La route à quatre bandes ne passe pas loin de chez lui et le silence, tout comme l’avenir, n’est plus ce qu’il était. Il s’est battu pour qu’on épargne le jardin, qu’on le protège ; l’entrée du domaine de Missembourg est quasi invisible, une grille haute et un chemin tortueux qui mène à la maison. Pas d’autoroute dans la maison, a-t-il demandé. Les trésors demandent de hautes protections. La maison répond à sa qualité de demeure et persiste. Fleurie, les douves asséchées, hantée, cela va de soi. Par un bandit de grand chemin dont Paul Willems a voulu imiter la fuite par le toit pour l’ébahissement de ses petits-enfants. Il est tombé de l’échelle du grenier et le fantôme de la maison lui a fourni une canne qui ne le quitte plus.
Paul Willems a toujours aimé jouer. Souvent jouer, c’est jouer à s’échapper. Du toit, de la maison, de soi-même. Les enfants connaissent tôt le processus. Paul Willems a joué à s’échapper pour revenir au lieu magique de la maison où l’écriture se faisait de la mère au fils, de Marie Gevers à Paul Willems. C’est un familier des allées et venues, de l’Escaut au jardin, du jardin à la bibliothèque.
Entre les masques d’Ostende, les cieux bas, l’Escaut, Bruxelles et Anvers, Paul Willems est un des derniers mohicans à être flamand et écrire en français. Cette survivance d’ancien régime sonne étrangement à nos oreilles devenues séparatistes par, dit-on, la force des choses.
Le grand écart
Même s’il tombe des échelles du grenier en jouant pour ses petits-enfants, Paul Willems est de ces acrobates qui font le grand écart entre deux cultures, l’une qui lui a donné ses images, l’autre la langue qui les charrie. Il dit être reconnu depuis peu par la communauté flamande et parle peu de ce qui, pour lui, relève des évidences, celle de la patrie langue qui nous tient. Il se retranche derrière son passé, ses acquis, sa langue. Il nous emmène au Pays noyé qui serait un peu le nôtre. Un paysage où les moutons ont les pieds dans la boue salée, où le vent laisse présager la mer, où les bateaux blancs marchent sur l’herbe. On est au bout de quelque part qui ressemble à un ailleurs. Le peintre s’emmêle les pinceaux quand la terre devient l’eau ou l’inverse. Cette mixité plait à Paul Willems. On le comprend puisqu’il regarde depuis toujours deux horizons opposés qu’il réunit dans sa lunette d’approche dotée d’une vision au grand angle très particulière. La sienne.
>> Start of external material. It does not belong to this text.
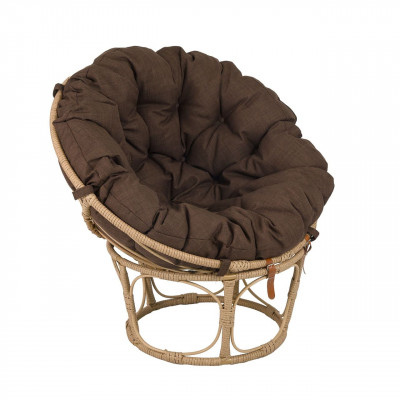 Кресло Папасан, искусственный ротанг, подушка коричневая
Dans ses textes, son théâtre ou ses récits, l’eau encercle aussi les terres, et la maison fait figure d’île. Il y a la terre ferme et le risque d’un possible recouvrement par une eau dormante. À moins que la maison ne se dilue elle-même dans Le pays noyé, où le fleuve emporte tout dans un Styx devenu béatitude. En rencontrant Paul Willems à Missembourg, ilot d’écriture et d’histoire entouré d’autoroutes, on comprend que l’ile ait la force d’un paradis, même s’il est perdu d’avance. Ce pari pascalien n’a sans doute jamais intéressé Paul Willems, lui qui attend depuis toujours la pêche miraculeuse du phoque de la mer du Nord. Ce phoque, s’il a les moustaches d’Émile Verhaeren, a aussi les bons yeux de Paul Willems, une bête fantastique qu’il conviendrait que quelque autre guette à son tour au bord d’un fleuve.